> Given information
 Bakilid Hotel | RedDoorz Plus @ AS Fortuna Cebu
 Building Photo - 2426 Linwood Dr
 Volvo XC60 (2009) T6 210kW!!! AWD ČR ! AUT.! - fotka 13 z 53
==
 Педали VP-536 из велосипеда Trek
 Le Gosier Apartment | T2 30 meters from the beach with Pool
...
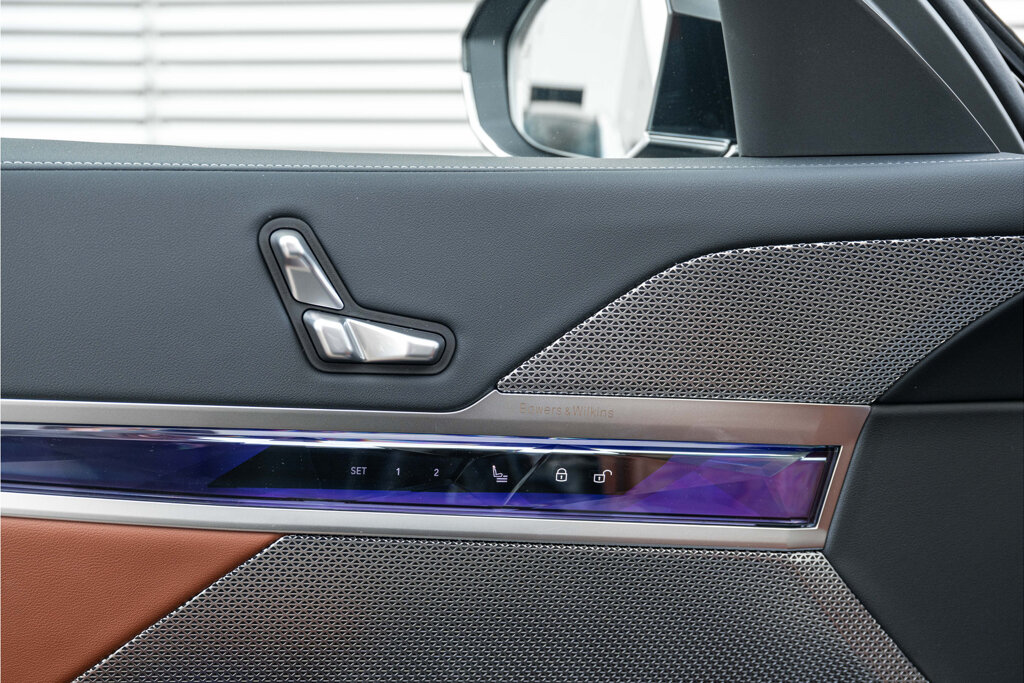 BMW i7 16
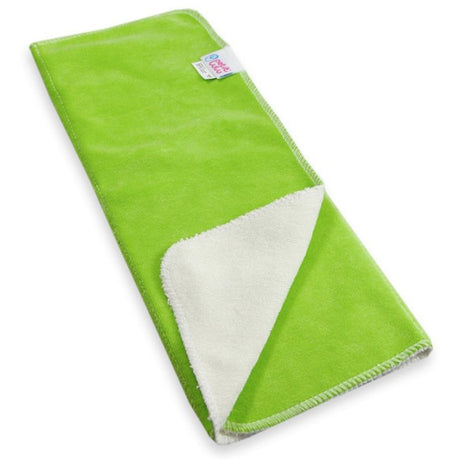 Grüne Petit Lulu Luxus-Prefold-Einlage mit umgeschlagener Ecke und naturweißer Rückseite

> Instructions to follow
Please give back exactly the lines of this listing beginning at the line with "Педали VP-536 из велосипеда Trek" and ending with the line with "Le Gosier Apartment", both included, and nothing else.

> Exercise solution
 Педали VP-536 из велосипеда Trek
 Le Gosier Apartment | T2 30 meters from the beach with Pool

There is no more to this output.